The three conditions for rare events
The name law of rare events is the heart of the matter. The Poisson earns its place precisely when events are individually rare but there are so many opportunities that some happen anyway. To trust the model, three conditions should roughly hold over your counting window. Each one is an honest assumption you can check — and when one breaks, the Poisson breaks with it.
- Independence: one event happening should not change the chance of another.
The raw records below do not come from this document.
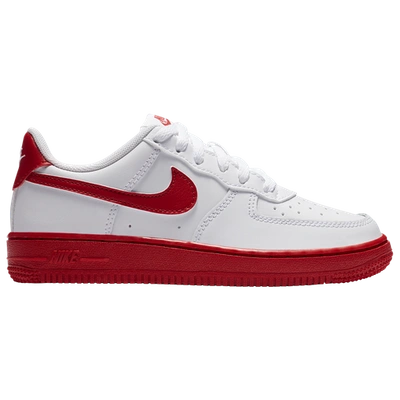 Shop Nike Boys  Air Force 1 Low In White/university Red/white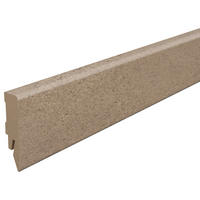 SOCKELLEISTE Titanit sandbeige Hellbraun  - Hellbraun, KONVENTIONELL, Holzwerkstoff (240/1.4/5.8cm) - Egger Holzwerkstoffe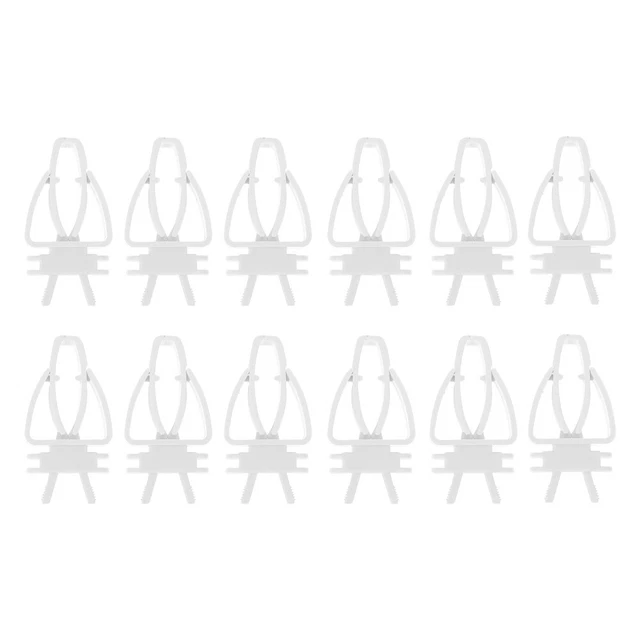 12 piezas soporte para verduras loro clips de comida alimentador de plástico para jaula para pájaros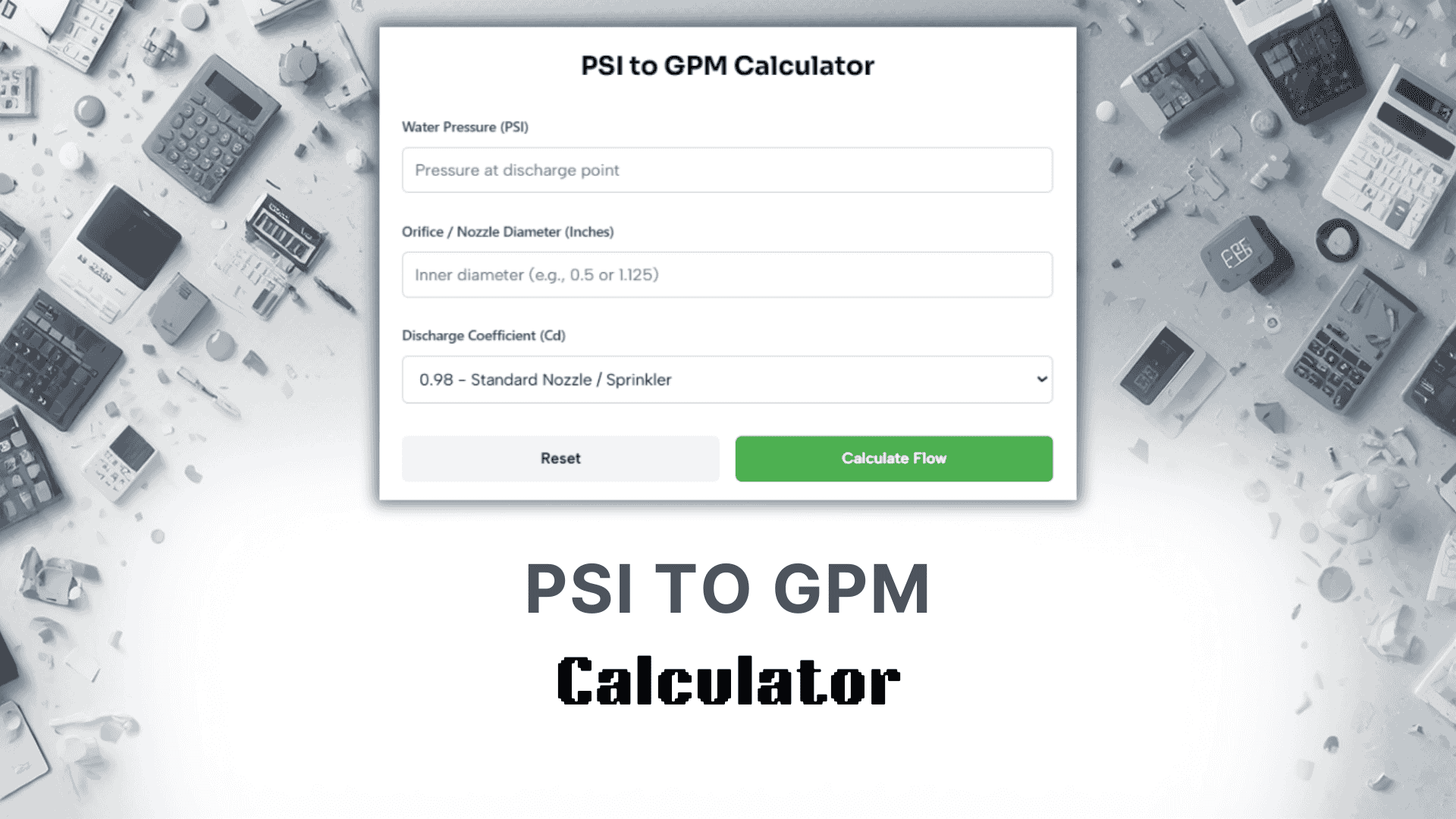 PSI To Gpm Calculator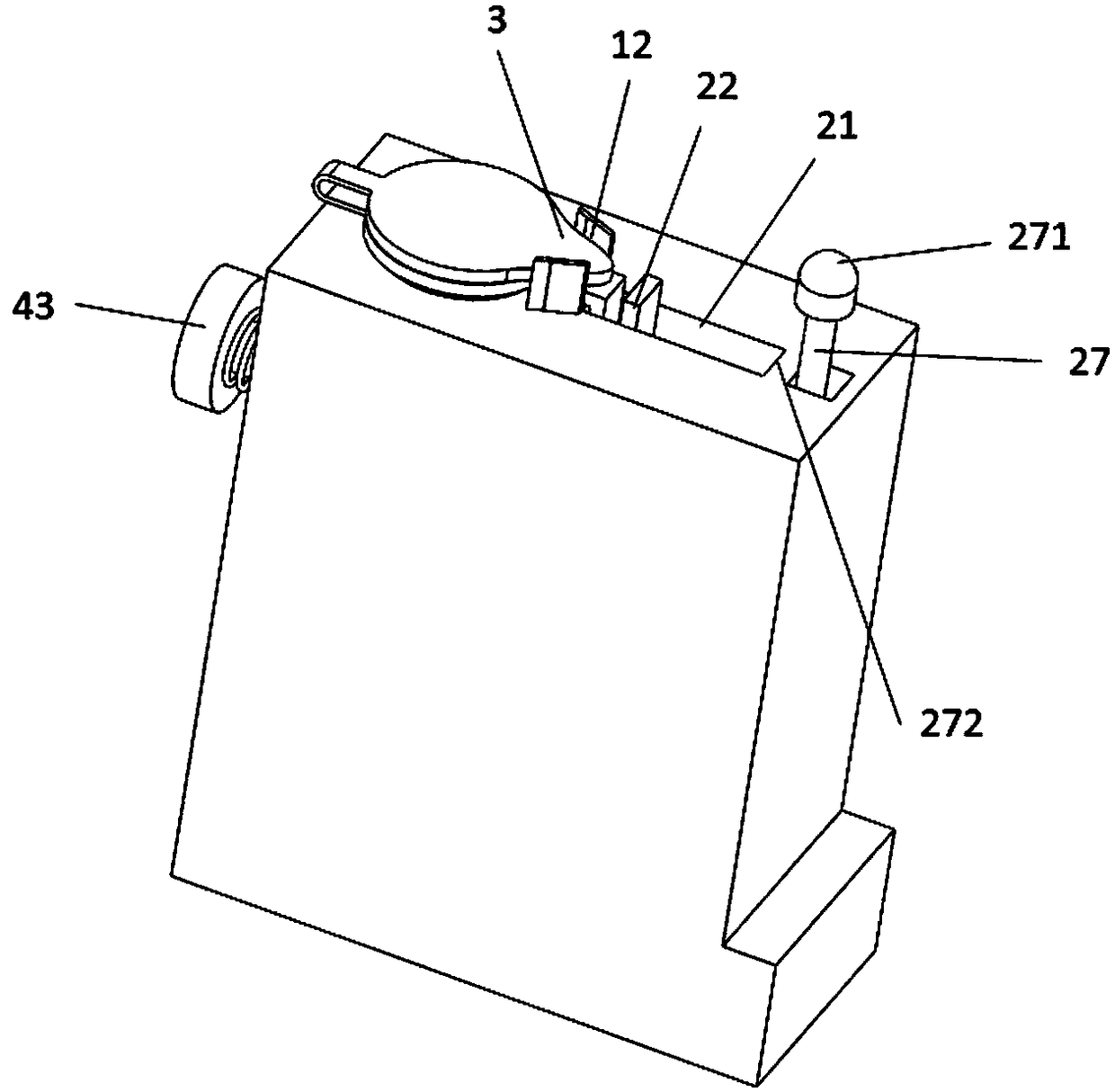 Pipe opening apparatus for medical detection laboratory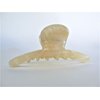 Generic Pearly vanilla cream marbled design hair claw clip for fine, thin hair
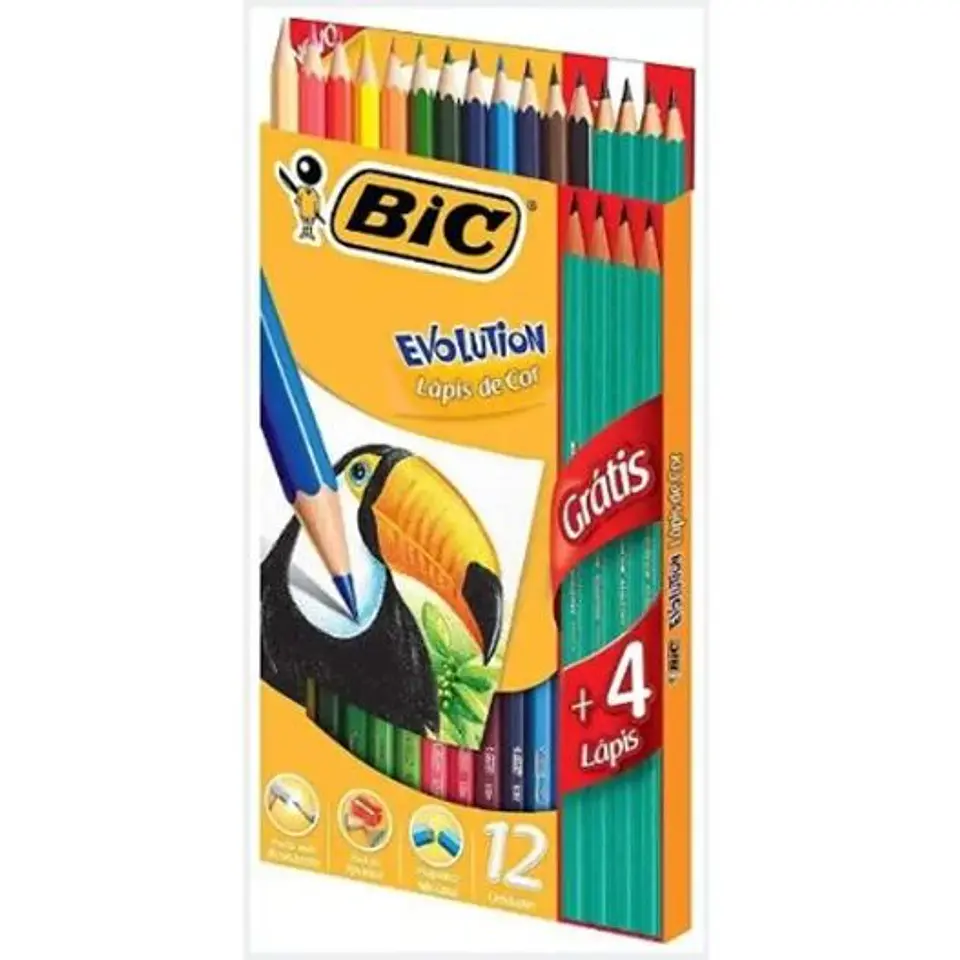Bic Lapices De Colores Mas 4 Lapiz Grafito 1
If your local 999 calls all spike together because of one car crash, that single cause links them, and the independence assumption fails.
- Constant rate: the average rate lambda per unit window should not drift. Typos per page should not get heavier toward the end of the book; if it does, a single lambda no longer describes the whole thing.
- No simultaneity: in a tiny enough sub-window, at most one event can occur — events do not arrive two-at-once. Counting raindrops works; counting hailstones that fall in clumps does not.
When all three hold, the same lambda governs events scattered across time or space, and the count over any window is Poisson. This is the seed of a much bigger idea you will meet later in the ladder — the Poisson process, which is just 'a Poisson count in every window, all stitched together consistently'. For now, the practical upshot is the law of rare events itself: lots of unlikely-but-independent chances, summed up, behave like Poisson(lambda) with lambda equal to the expected total.
Using Poisson to approximate a binomial
Because the Poisson is the limit of the binomial, you can run the logic backwards as a calculation shortcut. If you have a genuine binomial with large n and small p, the binomial pmf is a pain — those binomial coefficients and the p^k (1-p)^(n-k) factors get ugly fast. But Poisson approximation lets you replace it with a Poisson(lambda) where lambda = n times p, and just use e^(-lambda) lambda^k / k! instead. The rougher answer is far easier to compute and remarkably close when p is small.
A concrete check. Suppose a factory makes 1000 lightbulbs and each is independently defective with probability 0.002. The exact count of defects is Binomial(1000, 0.002). Set lambda = 1000 times 0.002 = 2 and approximate by Poisson(2). The chance of zero defects is e^(-2) = 0.1353 by Poisson; the exact binomial value is 0.998^1000 = 0.1351. The chance of exactly two defects is 0.2707 by Poisson versus 0.2709 exact. The two are nearly indistinguishable — and the Poisson took one short formula instead of a clumsy binomial coefficient.
Where the Poisson sits in the zoo
Step back and place the Poisson among its neighbours. The binomial counts successes in a FIXED number of trials; the Poisson counts events in a fixed window of time or space with no natural upper bound. The geometric you met in the last guide counts trials until the FIRST success and is memoryless; the Poisson is the matching count over an interval, and its waiting times between events turn out to be the exponential distribution — the continuous, memoryless cousin. These are not separate animals so much as one family seen from different angles.
One more elegant fact worth carrying forward: Poissons ADD. If X ~ Poisson(lambda_1) counts emails and Y ~ Poisson(lambda_2) counts texts, and the two are independent, then X + Y ~ Poisson(lambda_1 + lambda_2) counts all messages. The rates simply sum. This stability under addition is rare and beautiful — most distributions change shape when you add them — and it is what makes the Poisson the natural language for combining independent streams of rare events. Deciding when this distribution, rather than its cousins, is the right choice is exactly the job of the last guide in this rung, on choosing the discrete model.